BRIEF —
The lines from the one with "Boule De Crystal Grand Wall Sconce-VaseLamps" through the last line of the material below, copied exactly and free of pictures, make up the whole answer.

-- RECORDS TO PROCESS follows --

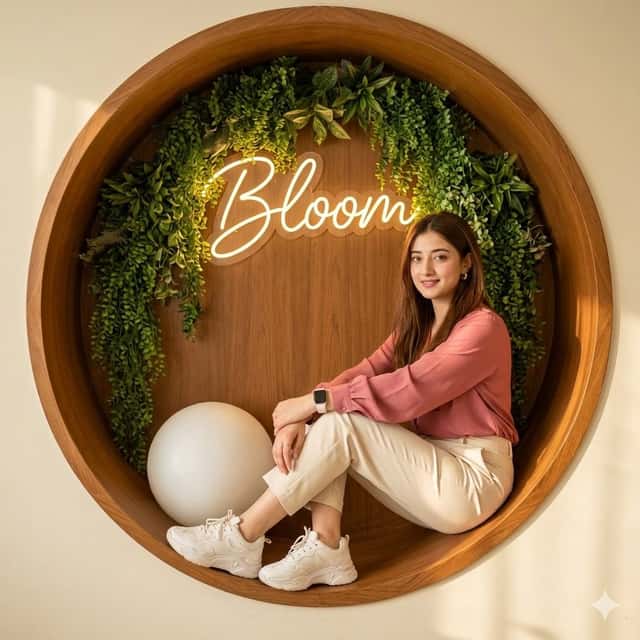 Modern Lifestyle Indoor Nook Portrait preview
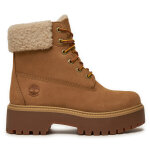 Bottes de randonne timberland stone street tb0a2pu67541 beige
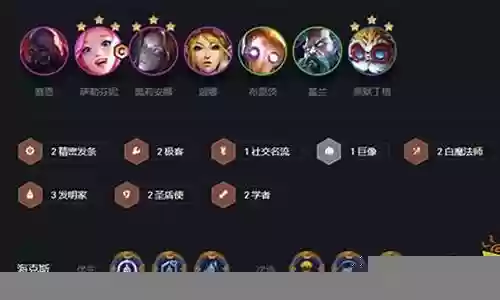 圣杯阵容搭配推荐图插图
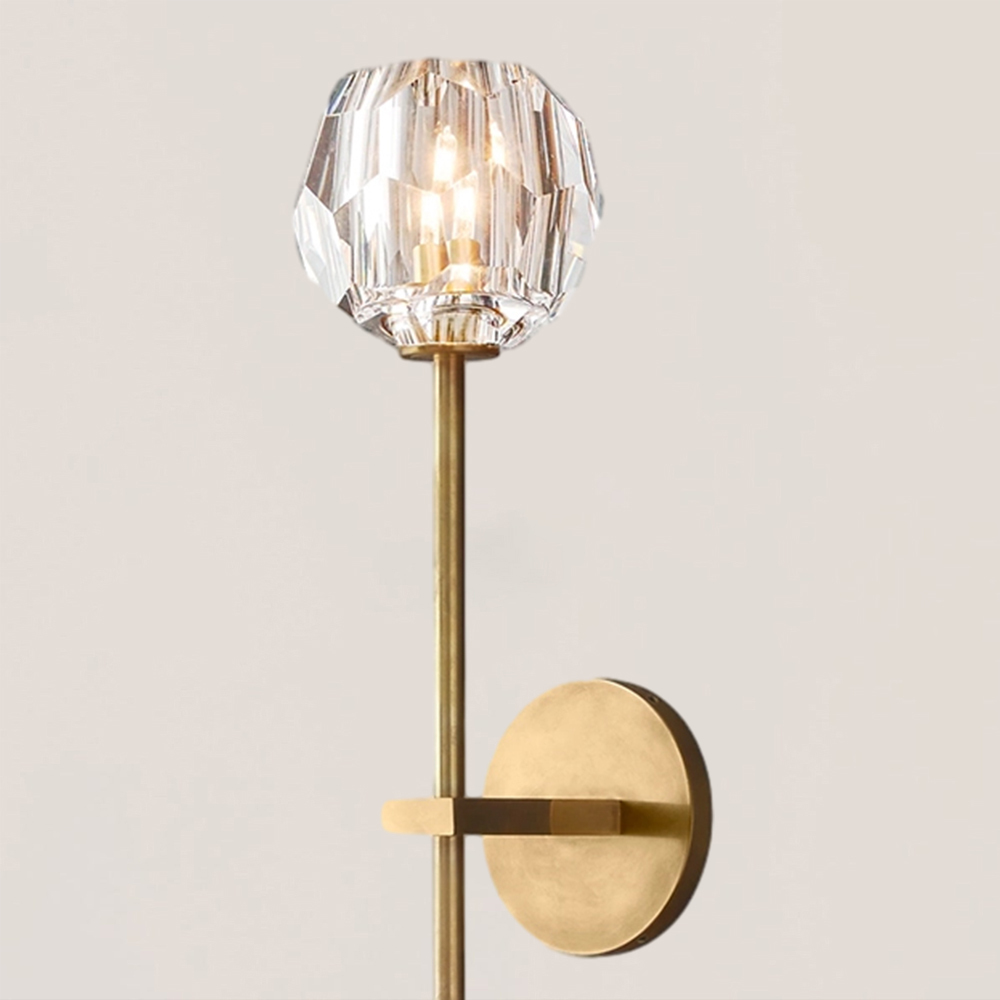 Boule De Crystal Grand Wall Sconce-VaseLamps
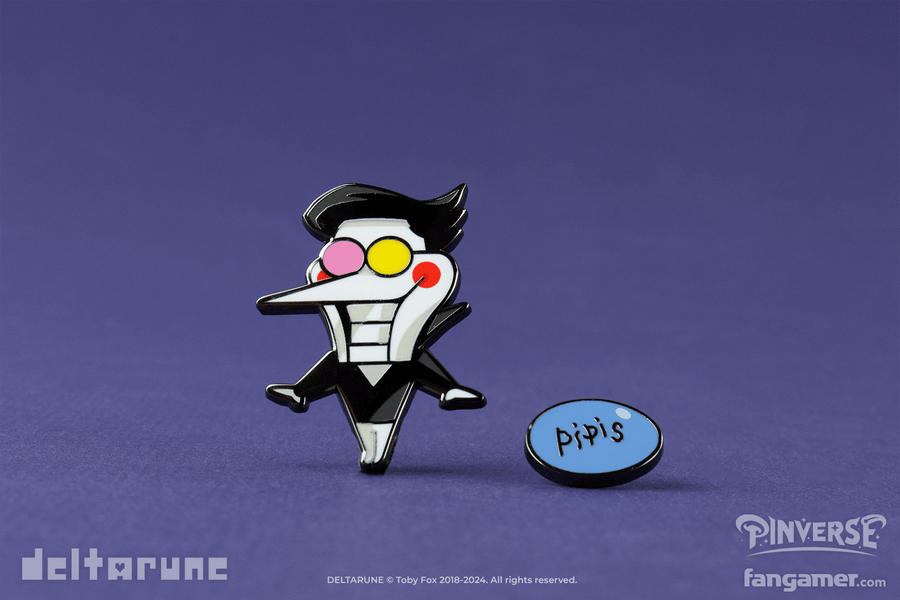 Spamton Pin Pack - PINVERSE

-- RECORDS TO PROCESS concluded --

EXPECTED ANSWER —
 Boule De Crystal Grand Wall Sconce-VaseLamps
 Spamton Pin Pack - PINVERSE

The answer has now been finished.